JOBS_TIMELINE view

The INFORMATION_SCHEMA.JOBS_TIMELINE view contains near real-time BigQuery metadata by timeslice for all jobs submitted in the current project. This view contains currently running and completed jobs.

Required permissions

To query the INFORMATION_SCHEMA.JOBS_TIMELINE view, you need the bigquery.jobs.listAll Identity and Access Management (IAM) permission for the project. Each of the following predefined IAM roles includes the required permission:

  • Project Owner
  • BigQuery Admin

For more information about BigQuery permissions, see Access control with IAM.

Schema

When you query the INFORMATION_SCHEMA.JOBS_TIMELINE_BY_* views, the query results contain one row for every second of execution of every BigQuery job. Each period starts on a whole-second interval and lasts exactly one second.

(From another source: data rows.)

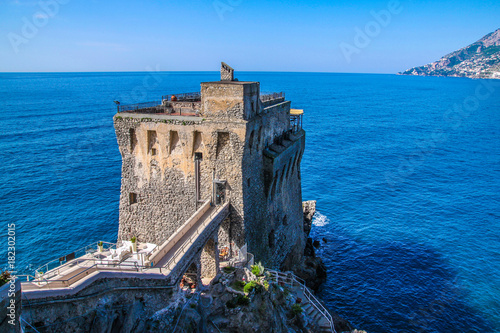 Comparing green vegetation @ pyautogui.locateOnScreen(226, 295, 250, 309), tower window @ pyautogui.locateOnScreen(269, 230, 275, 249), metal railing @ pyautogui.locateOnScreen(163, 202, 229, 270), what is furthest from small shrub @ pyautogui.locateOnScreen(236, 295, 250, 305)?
tower window @ pyautogui.locateOnScreen(269, 230, 275, 249)

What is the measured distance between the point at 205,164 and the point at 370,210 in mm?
49515

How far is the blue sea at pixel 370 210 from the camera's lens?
160ft

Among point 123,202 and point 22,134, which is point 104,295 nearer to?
point 123,202

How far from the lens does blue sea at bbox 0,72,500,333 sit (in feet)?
160

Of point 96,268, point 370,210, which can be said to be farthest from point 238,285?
point 370,210

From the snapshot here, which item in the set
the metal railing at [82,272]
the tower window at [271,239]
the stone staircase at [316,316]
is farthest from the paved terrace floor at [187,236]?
the stone staircase at [316,316]

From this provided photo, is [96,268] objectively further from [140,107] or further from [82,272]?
[140,107]

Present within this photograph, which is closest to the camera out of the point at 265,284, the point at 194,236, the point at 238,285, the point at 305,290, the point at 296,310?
the point at 194,236

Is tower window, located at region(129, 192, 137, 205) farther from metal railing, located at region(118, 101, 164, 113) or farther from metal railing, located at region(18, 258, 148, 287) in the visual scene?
metal railing, located at region(18, 258, 148, 287)

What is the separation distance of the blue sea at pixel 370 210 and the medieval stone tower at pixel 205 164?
2035cm


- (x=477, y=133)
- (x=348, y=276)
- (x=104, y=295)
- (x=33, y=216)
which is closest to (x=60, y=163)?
(x=33, y=216)

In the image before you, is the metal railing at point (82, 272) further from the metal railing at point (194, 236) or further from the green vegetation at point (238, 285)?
the green vegetation at point (238, 285)

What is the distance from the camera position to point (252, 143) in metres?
35.5

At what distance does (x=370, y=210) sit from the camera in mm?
73938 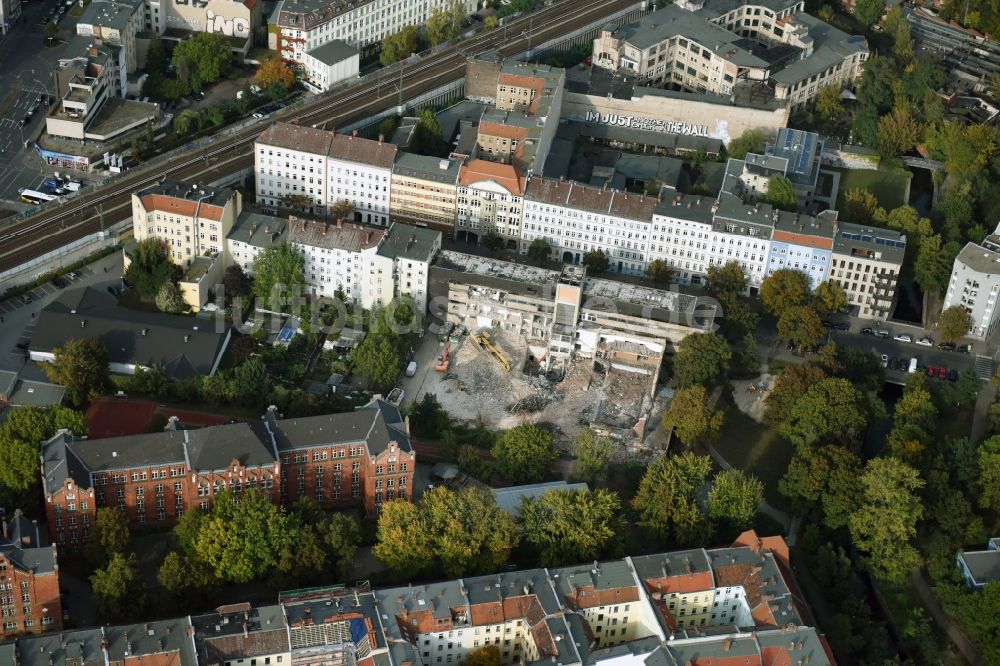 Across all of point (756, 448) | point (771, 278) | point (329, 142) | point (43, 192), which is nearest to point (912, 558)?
point (756, 448)

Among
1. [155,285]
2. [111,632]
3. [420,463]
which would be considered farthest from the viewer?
[155,285]

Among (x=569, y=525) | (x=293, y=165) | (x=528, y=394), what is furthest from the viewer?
(x=293, y=165)

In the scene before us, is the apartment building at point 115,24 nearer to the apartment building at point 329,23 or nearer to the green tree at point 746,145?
the apartment building at point 329,23

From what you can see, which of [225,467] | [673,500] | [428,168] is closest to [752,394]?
[673,500]

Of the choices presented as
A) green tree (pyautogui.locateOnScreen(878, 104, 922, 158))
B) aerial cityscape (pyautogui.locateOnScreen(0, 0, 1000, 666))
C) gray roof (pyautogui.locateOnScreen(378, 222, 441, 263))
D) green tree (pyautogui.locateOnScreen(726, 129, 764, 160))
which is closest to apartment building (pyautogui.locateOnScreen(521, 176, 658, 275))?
aerial cityscape (pyautogui.locateOnScreen(0, 0, 1000, 666))

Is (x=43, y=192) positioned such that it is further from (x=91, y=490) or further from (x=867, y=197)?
(x=867, y=197)

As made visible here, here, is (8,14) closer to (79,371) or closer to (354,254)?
(354,254)

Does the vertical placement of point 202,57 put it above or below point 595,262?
above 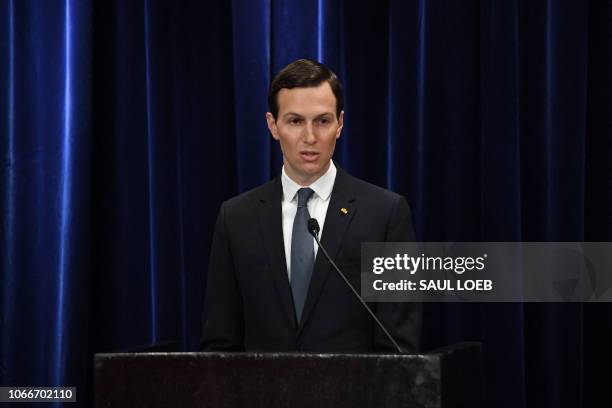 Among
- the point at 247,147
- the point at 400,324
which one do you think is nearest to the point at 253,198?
the point at 400,324

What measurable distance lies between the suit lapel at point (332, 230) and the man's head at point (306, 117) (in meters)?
0.07

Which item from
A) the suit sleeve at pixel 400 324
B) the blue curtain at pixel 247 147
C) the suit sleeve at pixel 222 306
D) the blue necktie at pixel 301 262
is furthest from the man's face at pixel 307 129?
the blue curtain at pixel 247 147

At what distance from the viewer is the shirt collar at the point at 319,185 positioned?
7.65 ft

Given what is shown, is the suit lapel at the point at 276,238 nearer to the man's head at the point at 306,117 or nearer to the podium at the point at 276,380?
the man's head at the point at 306,117

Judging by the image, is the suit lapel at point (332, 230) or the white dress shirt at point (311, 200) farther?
the white dress shirt at point (311, 200)

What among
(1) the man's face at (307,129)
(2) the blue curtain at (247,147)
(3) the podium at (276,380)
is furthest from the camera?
(2) the blue curtain at (247,147)

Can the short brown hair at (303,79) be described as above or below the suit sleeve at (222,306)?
above

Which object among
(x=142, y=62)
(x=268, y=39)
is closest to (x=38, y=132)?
(x=142, y=62)

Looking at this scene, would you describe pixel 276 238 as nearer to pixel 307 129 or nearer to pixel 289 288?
pixel 289 288

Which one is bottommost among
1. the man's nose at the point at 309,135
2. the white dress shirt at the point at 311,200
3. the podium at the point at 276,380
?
the podium at the point at 276,380

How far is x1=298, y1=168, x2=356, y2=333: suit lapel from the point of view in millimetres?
2201

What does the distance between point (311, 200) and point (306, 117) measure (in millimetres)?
214

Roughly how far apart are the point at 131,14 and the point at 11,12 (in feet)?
1.41

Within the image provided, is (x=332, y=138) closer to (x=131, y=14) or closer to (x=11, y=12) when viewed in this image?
(x=131, y=14) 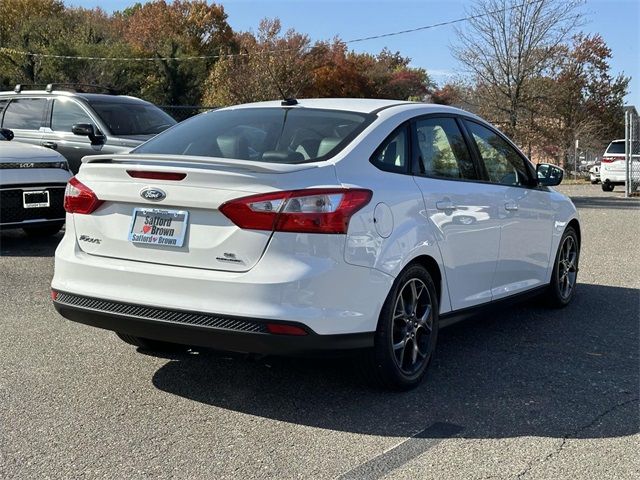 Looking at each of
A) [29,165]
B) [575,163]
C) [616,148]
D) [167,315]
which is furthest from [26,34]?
[167,315]

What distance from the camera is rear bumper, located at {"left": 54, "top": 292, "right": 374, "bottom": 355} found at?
3.66 m

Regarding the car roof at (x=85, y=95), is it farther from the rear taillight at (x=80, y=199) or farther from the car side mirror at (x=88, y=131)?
the rear taillight at (x=80, y=199)

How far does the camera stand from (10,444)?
3531 millimetres

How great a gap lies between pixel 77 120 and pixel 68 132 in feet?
0.70

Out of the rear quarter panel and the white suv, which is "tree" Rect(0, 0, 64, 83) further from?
the rear quarter panel

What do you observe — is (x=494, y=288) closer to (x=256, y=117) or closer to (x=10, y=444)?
(x=256, y=117)

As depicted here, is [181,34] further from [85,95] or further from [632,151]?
[85,95]

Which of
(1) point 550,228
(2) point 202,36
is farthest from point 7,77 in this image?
(1) point 550,228

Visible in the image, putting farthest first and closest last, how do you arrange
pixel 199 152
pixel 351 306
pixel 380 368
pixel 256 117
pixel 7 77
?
pixel 7 77, pixel 256 117, pixel 199 152, pixel 380 368, pixel 351 306

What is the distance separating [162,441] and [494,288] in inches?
104

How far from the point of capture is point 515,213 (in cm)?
552

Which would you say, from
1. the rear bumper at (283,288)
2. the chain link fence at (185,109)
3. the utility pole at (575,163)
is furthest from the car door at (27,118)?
the utility pole at (575,163)

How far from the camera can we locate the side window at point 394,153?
14.0 feet

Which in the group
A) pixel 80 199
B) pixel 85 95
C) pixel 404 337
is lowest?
pixel 404 337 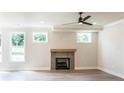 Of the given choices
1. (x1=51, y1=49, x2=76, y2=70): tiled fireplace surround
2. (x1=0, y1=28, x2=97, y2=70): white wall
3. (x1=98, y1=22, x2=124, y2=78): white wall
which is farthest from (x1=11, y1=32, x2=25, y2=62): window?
(x1=98, y1=22, x2=124, y2=78): white wall

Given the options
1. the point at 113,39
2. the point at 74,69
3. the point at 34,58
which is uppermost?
the point at 113,39

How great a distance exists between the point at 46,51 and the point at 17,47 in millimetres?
1429

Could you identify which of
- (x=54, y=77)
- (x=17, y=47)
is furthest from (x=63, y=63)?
(x=54, y=77)

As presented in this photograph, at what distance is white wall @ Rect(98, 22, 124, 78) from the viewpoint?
6.79 meters

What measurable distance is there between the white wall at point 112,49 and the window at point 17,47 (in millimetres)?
3820

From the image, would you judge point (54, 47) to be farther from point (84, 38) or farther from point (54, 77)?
point (54, 77)

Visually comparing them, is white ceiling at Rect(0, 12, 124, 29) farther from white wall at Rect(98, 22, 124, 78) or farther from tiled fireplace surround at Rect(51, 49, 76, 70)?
tiled fireplace surround at Rect(51, 49, 76, 70)

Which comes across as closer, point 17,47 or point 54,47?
point 17,47

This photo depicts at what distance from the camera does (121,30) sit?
679 centimetres

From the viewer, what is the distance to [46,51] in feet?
29.1
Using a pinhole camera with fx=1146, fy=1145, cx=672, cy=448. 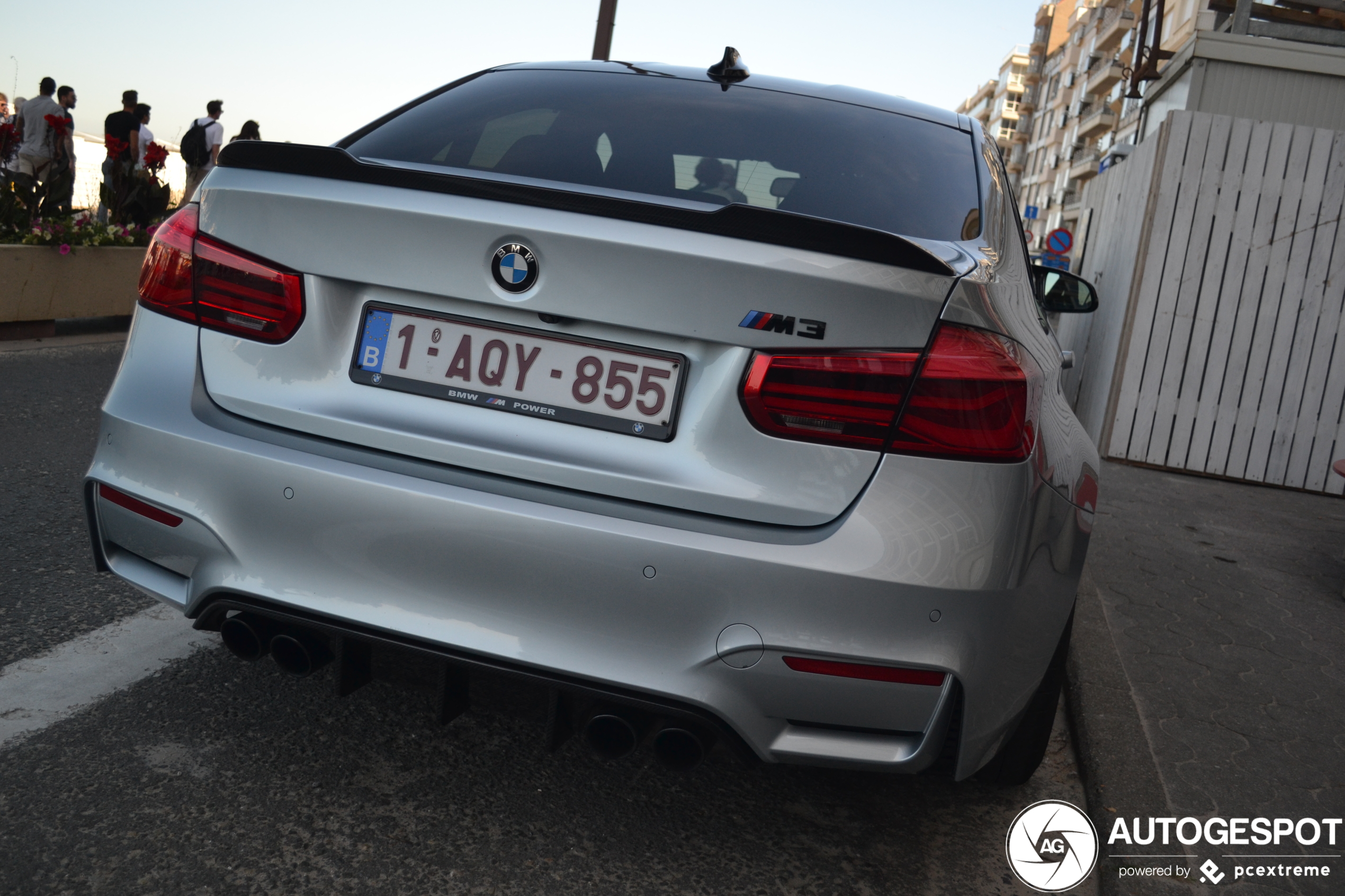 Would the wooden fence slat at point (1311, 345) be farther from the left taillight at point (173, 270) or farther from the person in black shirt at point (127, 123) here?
the person in black shirt at point (127, 123)

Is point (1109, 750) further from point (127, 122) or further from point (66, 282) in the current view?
point (127, 122)

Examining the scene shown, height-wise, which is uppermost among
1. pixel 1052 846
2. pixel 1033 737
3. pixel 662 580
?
pixel 662 580

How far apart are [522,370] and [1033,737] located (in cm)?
153

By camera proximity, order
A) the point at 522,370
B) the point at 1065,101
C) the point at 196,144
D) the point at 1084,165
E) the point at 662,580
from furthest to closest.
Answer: the point at 1065,101 < the point at 1084,165 < the point at 196,144 < the point at 522,370 < the point at 662,580

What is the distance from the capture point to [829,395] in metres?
1.88

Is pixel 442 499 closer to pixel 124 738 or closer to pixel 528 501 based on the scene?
pixel 528 501

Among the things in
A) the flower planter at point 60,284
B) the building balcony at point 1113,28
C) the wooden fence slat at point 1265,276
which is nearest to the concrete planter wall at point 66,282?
the flower planter at point 60,284

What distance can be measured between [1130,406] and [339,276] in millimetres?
7791

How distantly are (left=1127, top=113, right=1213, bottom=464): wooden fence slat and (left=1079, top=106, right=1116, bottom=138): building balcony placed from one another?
5318 cm

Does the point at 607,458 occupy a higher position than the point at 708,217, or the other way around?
the point at 708,217

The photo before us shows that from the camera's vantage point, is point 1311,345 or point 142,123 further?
point 142,123

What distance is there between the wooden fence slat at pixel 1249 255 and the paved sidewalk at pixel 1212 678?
184cm

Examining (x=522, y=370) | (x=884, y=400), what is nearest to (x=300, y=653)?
(x=522, y=370)

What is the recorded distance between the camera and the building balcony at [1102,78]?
58.4 metres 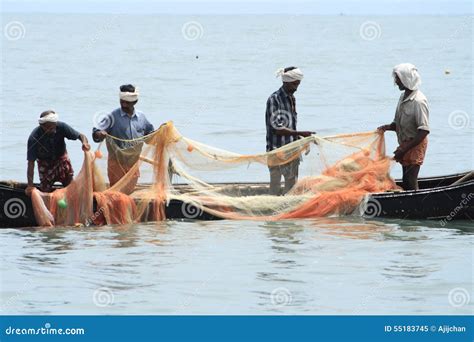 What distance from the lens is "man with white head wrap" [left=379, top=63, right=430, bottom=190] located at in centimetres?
1280

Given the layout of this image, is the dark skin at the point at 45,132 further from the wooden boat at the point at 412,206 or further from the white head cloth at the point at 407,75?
the white head cloth at the point at 407,75

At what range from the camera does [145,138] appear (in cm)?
1290

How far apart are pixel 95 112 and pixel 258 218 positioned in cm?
1697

The INFORMATION_SCHEMA.JOBS_TIMELINE_BY_* view has the following schema:

Column name Data type Value
period_start TIMESTAMP Start time of this period.
period_slot_ms INTEGER Slot milliseconds consumed in this period.
project_id STRING (Clustering column) ID of the project.
project_number INTEGER Number of the project.
user_email STRING (Clustering column) Email address or service account of the user who ran the job.
job_id STRING ID of the job. For example, bquxjob_1234.
job_type STRING The type of the job. Can be QUERY, LOAD, EXTRACT, COPY, or null. Job type null indicates an internal job, such as script job statement evaluation or materialized view refresh.
statement_type STRING The type of query statement, if valid. For example, SELECT, INSERT, UPDATE, or DELETE.
priority STRING The priority of this job. Valid values include INTERACTIVE and BATCH.
parent_job_id STRING ID of the parent job, if any.
job_creation_time TIMESTAMP (Partitioning column) Creation time of this job. Partitioning is based on the UTC time of this timestamp.
job_start_time TIMESTAMP Start time of this job.
job_end_time TIMESTAMP End time of this job.
state STRING Running state of the job at the end of this period. Valid states include PENDING, RUNNING, and DONE.
reservation_id STRING Name of the primary reservation assigned to this job at the end of this period, if applicable.
edition STRING The edition associated with the reservation assigned to this job. For more information about editions, see Introduction to BigQuery editions.
total_bytes_billed INTEGER If the project is configured to use on-demand pricing, then this field contains the total bytes billed for the job. If the project is configured to use flat-rate pricing, then you are not billed for bytes and this field is informational only.
total_bytes_processed INTEGER Total bytes processed by the job.
error_result RECORD Details of error (if any) as an ErrorProto.
cache_hit BOOLEAN Whether the query results of this job were from a cache.
period_shuffle_ram_usage_ratio FLOAT Shuffle usage ratio in the selected time period.
period_estimated_runnable_units INTEGER Units of work that can be scheduled immediately in this period. Additional slots for these units of work accelerate your query, provided no other query in the reservation needs additional slots.
transaction_id STRING ID of the transaction in which this job ran, if any. (Preview)

Data retention

This view contains currently running jobs and the job history of the past 180 days.

Scope and syntax

Queries against this view must include a region qualifier. If you do not specify a regional qualifier, metadata is retrieved from all regions. The following table explains the region scope for this view:

View name Resource scope Region scope
[PROJECT_ID.]`region-REGION`.INFORMATION_SCHEMA.JOBS_TIMELINE[_BY_PROJECT] Project level REGION
Replace the following:

  • Optional: PROJECT_ID: the ID of your Google Cloud project. If not specified, the default project is used.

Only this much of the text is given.